There was a time I would attend church every day of Holy Week. Not this year – it is too hard to reconcile a church that makes special claims to grace with the findings of the royal commission into child sexual abuse

It’s Holy Week, the most sacred time in the Catholic liturgical calendar. Between Thursday and Saturday, Catholic liturgies will recount the last days of Jesus of Nazareth, including his last supper with his followers, his condemnation to death, his crucifixion and his burial.

There would have been a time in which I would have attended church every day of this week. Holy Week marks the key message of the Catholic Christian faith: that Jesus suffered, died, was buried and on the third day he rose again, breaking the bonds of death and redeeming humanity.

In short, Jesus’ death and resurrection saves us from our sins.

This Holy Week I won’t be at church.

Don’t get me wrong. I’m no saint. I make no claim to sinlessness. I could use some of that forgiveness and redemption. But it is hard to take seriously a church that, in its very organisation, seems so sinful.

If Jesus’ death and resurrection imparts some saving grace to humanity, how is it that the very institution that is meant to mediate Christ to his followers can be so intrinsically flawed?

I know the church hierarchy is made up of human beings, and human beings are not perfect. But these particular human beings make special claims to holiness and grace, and yet they spawn and support an institution that grotesquely violates children.

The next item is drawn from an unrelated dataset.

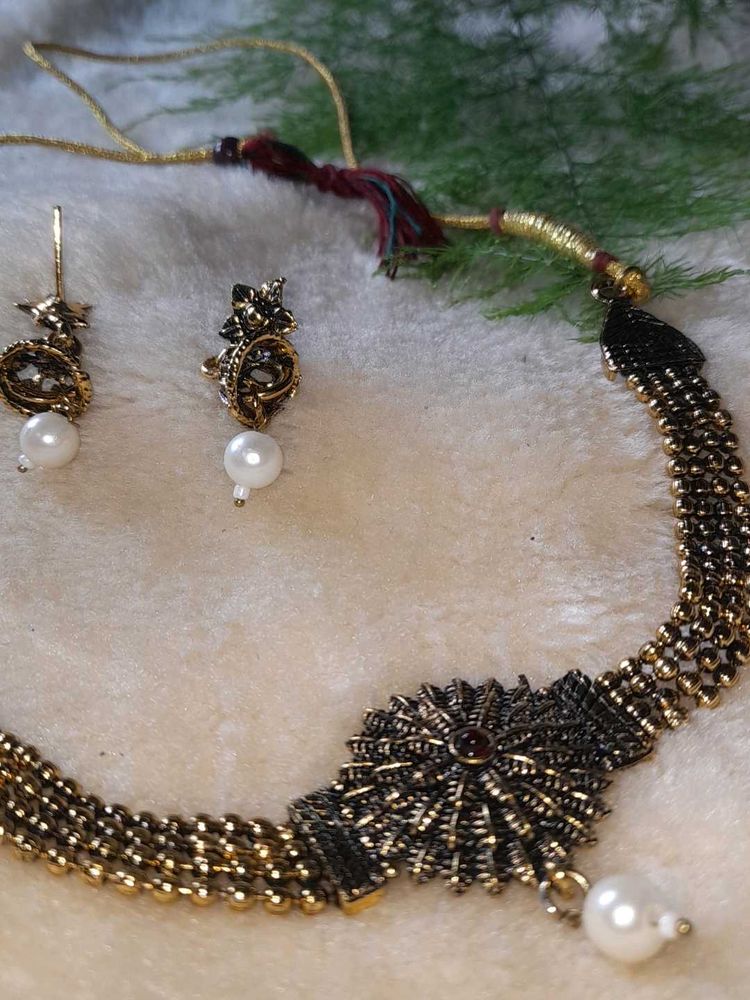 Neckpiece And Earpiece
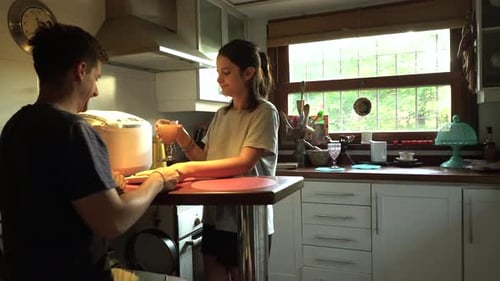 Young Couple Sharing Breakfast in Bright Kitchen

Jesus said that children are special, that they are holy. The royal commission into institutional responses to child sexual abuse says that there have been nearly 4,500 reported cases of alleged abuse of children in Catholic institutions over the past 35 years. No doubt many more remain unreported.

I know I am not alone among Australian Catholics in finding it near impossible to reconcile these despicable statistics with the church’s claim to be a special mediator of God’s grace and a place that I should attend in order to understand more deeply God’s love.

I know because my fellow Catholics talk to me about these issues. I know because I can look around Catholic parishes and see the declining attendance.

Even enrolments in Catholic schools are falling in Australia. Catholic education officials say they can’t build facilities fast enough to meet demand, so parents are choosing other government schools. It’s an odd logic that argues numbers are falling below capacity because demand is too high.

There may be other reasons enrolments are falling. For example, some 10 years ago I moved my kids from Catholic school to public school because the public school’s test results were just as good (in some cases, better) and the public school was closer to home offering a more flexible after-school program. But it would be foolish to dismiss the evidence coming out of the royal commission as a factor in parents’ enrolment decisions today.

For what it is worth, I later moved my kids back to the Catholic education system when they reached high school. I wanted them to be grounded in Catholic principles of social justice and to know what it is to live Christian faith within a community of believers. For many Catholic families, Catholic school for their children is their one tangible link left to the Catholic faith.

There is a lot of chatter among practicing Catholics in Australia about what to do about the evidence given at the royal commission. Francis Sullivan, chief executive of the Catholic church’s Truth, Justice and Healing Council, gave a talk recently:

There is now a deep malaise compounded by a simmering anger within the community about the Church and child sexual abuse ... The very fact that the church was on trial rips at the heart of what the church is meant to be. And that speaks to me of a profound loss of direction, integrity, purpose and meaning at the heart of the church. A spiritual wasteland. It is my sense that so many Catholics share that shock. People say the Church now needs to get its house back in order but I say we have to re-build the house.

Sullivan’s address is excellent. It deserves a wide reading. He made five recommendations to how to rebuild the church. Each recommendation is good on its merits, but the reality is that these actions cannot be brought about by the people in the pews. As long as the church in its organisational structure excludes women, parents, married people, and men like Francis Sullivan from true leadership and decision-making, nothing is likely to change.

So here are my additions, or augmentations, to Sullivan’s recommendations. Stop giving assent to a flawed structure. Stop giving voluntary support to prop up a failing organisation. Stop giving money – or if you want to give money or your time, direct it to a specific Catholic charity or effort you want to support rather than the local parish.

It pains me to say these things. I mourn the loss of being part of a parish community in which I can celebrate my faith and receive the sacraments. And I know there are good priests in the church, men who feel dismayed and betrayed too. But even more so I grieve for the thousands of children in Australia who have been irreparably harmed, whose lives have been destroyed and whose faith and trust has been so comprehensively violated. I can’t, in good conscience, continue to prop up a church that has been so exposed in its systemic wrong-doing, and yet is still doing so little to make reparations.

So this Holy Week I will look forward to Easter and the redemption it brings. And I will pray that redemption comes, and soon, to the Holy Roman Catholic Church.